Il modello equivalente sfrutta i circuiti elementari dell'elettrotecnica: in particolare simulerai la resistenza di ingresso ad esempio con un normalissimo resistore e il guadagno ad esempio con un generatore pilotato di coefficiente definito.
Potrai avere diversi modelli:
Uno ad esempio
Vi=Ri*Ii + Rr*Io
Vo=Rf*Ii + Ro*Io
i e o sono i pedici ingresso e uscita. Queste due equazioni caratterizzano completamente il tuo transistor visto come un due porte lineare.
In questo caso si parla di matrice delle resistenze.
Se scambi le correnti con le tensioni ottieni un modello a conduttanza.
Un modello ibrido
Vi=Hi*Ii + Hr*Vo
Io=Hf*Ii + Ho*Vo
Hi resistenza di ingresso con uscita in corto circuito (Ohm)
Hr amplificazione inversa a vuoto (adimensionale)
Hf rapporto tra correnti di uscita e di ingresso con uscita in corto circuito (adimensionale)
Ho conduttanza di ingresso con ingresso a vuoto (Siemens)
A livello teorico un modello vale l'altro, dipende principalmente da che valori nel tuo circuito sei interessato: ad esempio per circuiti in cui analizzi molti componenti in parallelo è utile un modello a conduttanze in quanto puoi sommarle direttamente.

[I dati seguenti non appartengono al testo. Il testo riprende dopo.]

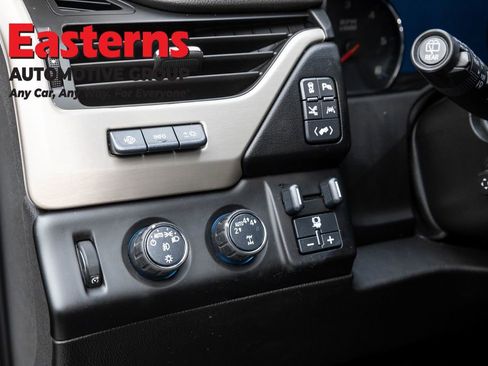 Used 2020 GMC Yukon Denali w/ Denali Ultimate Package image 24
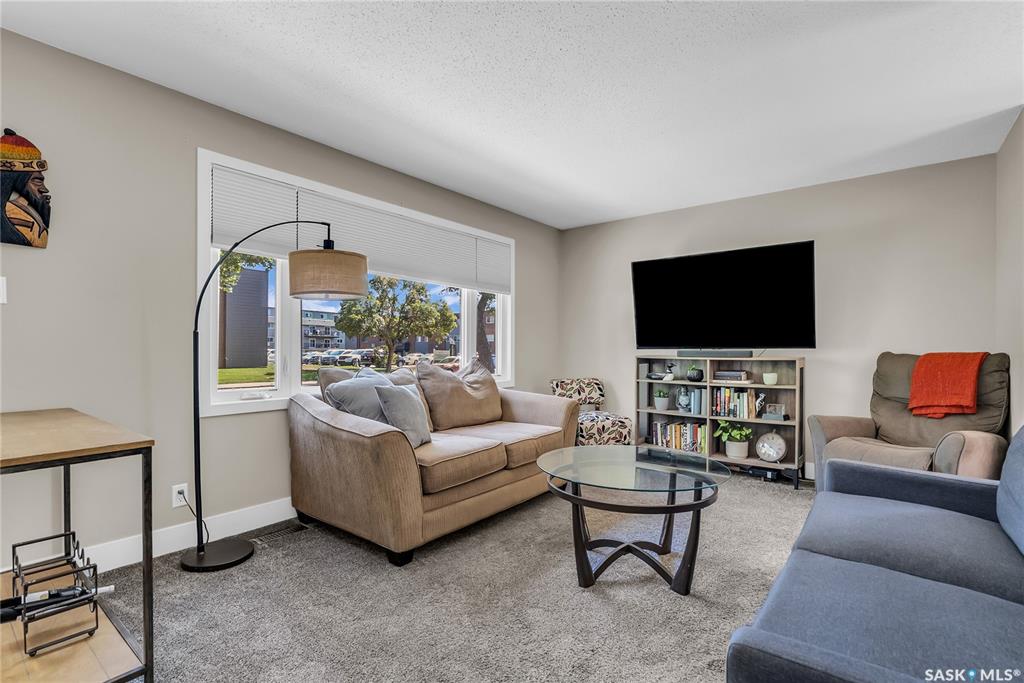 Fifth View of 1037 Matheson Drive, Massey Place, Saskatoon, Saskatchewan, S7L 3Y9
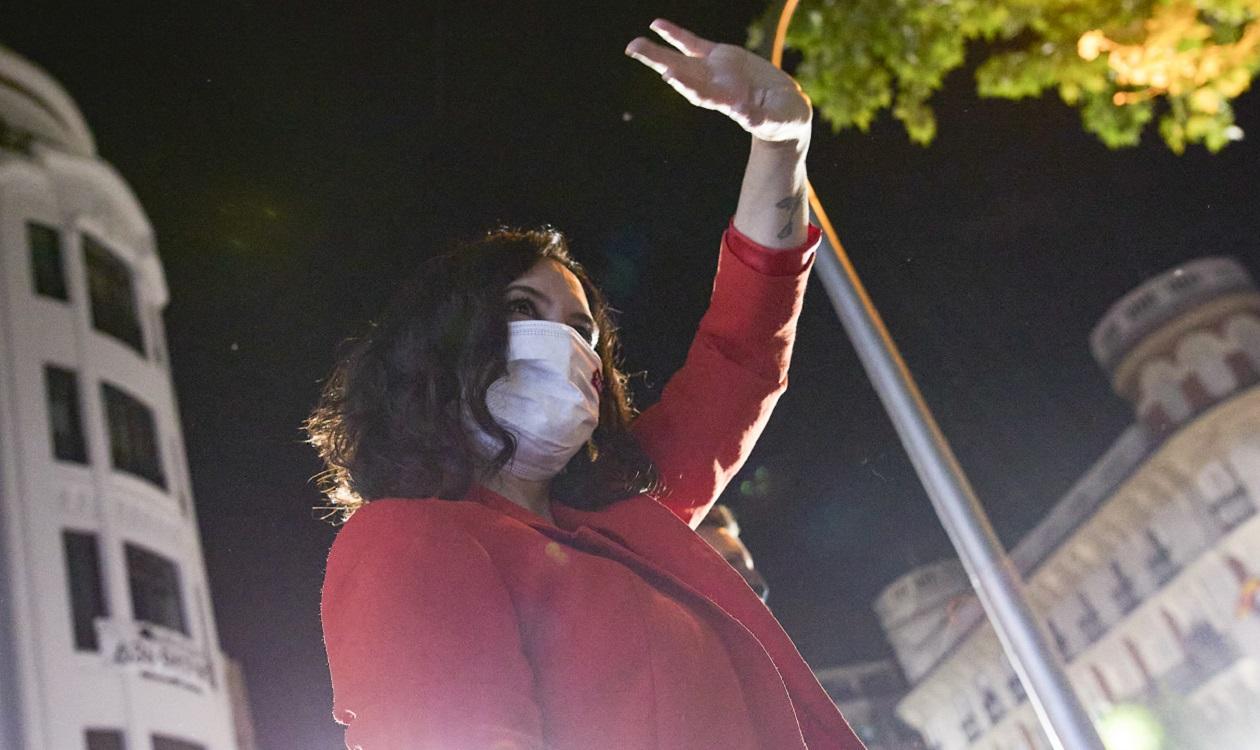 La presidenta de la Comunidad de Madrid y candidata a la reelección por el PP, Isabel Díaz Ayuso, saluda desde el balcón de Génova. EP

Dalle matrici (ibride, resistenze, conduttanze) si ricavano funzioni come il guadagno di tensione, di corrente, l'impedenza di ingresso, di uscita ecc. che sono dette funzioni di rete e spesso risultano proprio le incognite dei tuoi problemi.
Per semplicità ho trascurato il discorso sulle risposte in frequenza (in pratica un transistor lavora "bene" se le frequenze appartengono ad un certo intervallo, al di là del quale le sue prestazioni calano fino a diventare nulle). Ma questo penso che lo affronterai più avanti.
Come testo consiglio "Circuiti per la Microelettronica" (Sedra Smith), un vademecum per gli elettronici.